▶ **What to produce**
Reproduce the records exactly through the line with "A model wearing".

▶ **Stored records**
-*-
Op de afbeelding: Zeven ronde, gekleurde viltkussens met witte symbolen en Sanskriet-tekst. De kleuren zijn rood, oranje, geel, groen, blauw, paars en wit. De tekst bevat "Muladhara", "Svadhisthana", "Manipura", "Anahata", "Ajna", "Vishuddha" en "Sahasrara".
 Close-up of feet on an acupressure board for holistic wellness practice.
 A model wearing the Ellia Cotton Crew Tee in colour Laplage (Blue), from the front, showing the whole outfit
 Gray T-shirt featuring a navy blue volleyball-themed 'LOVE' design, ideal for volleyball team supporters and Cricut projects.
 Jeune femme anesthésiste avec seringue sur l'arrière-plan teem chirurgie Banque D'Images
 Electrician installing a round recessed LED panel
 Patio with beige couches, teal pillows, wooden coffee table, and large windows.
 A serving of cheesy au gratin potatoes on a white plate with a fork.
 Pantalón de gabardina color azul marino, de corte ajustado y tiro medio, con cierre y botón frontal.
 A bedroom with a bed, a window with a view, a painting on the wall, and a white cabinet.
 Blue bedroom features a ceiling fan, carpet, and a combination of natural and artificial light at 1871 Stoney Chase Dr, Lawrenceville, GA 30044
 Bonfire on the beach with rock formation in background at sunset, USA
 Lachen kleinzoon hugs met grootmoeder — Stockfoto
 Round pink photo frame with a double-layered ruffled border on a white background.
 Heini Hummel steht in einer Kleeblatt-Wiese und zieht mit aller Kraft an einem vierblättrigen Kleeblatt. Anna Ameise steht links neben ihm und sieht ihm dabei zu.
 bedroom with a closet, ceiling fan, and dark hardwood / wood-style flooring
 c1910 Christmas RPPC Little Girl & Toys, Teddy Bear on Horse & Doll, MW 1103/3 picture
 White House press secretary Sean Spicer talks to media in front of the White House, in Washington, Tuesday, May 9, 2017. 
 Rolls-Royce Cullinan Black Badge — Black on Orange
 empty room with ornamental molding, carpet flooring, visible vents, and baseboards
-*-
▶ **Reply**
Op de afbeelding: Zeven ronde, gekleurde viltkussens met witte symbolen en Sanskriet-tekst. De kleuren zijn rood, oranje, geel, groen, blauw, paars en wit. De tekst bevat "Muladhara", "Svadhisthana", "Manipura", "Anahata", "Ajna", "Vishuddha" en "Sahasrara".
 Close-up of feet on an acupressure board for holistic wellness practice.
 A model wearing the Ellia Cotton Crew Tee in colour Laplage (Blue), from the front, showing the whole outfit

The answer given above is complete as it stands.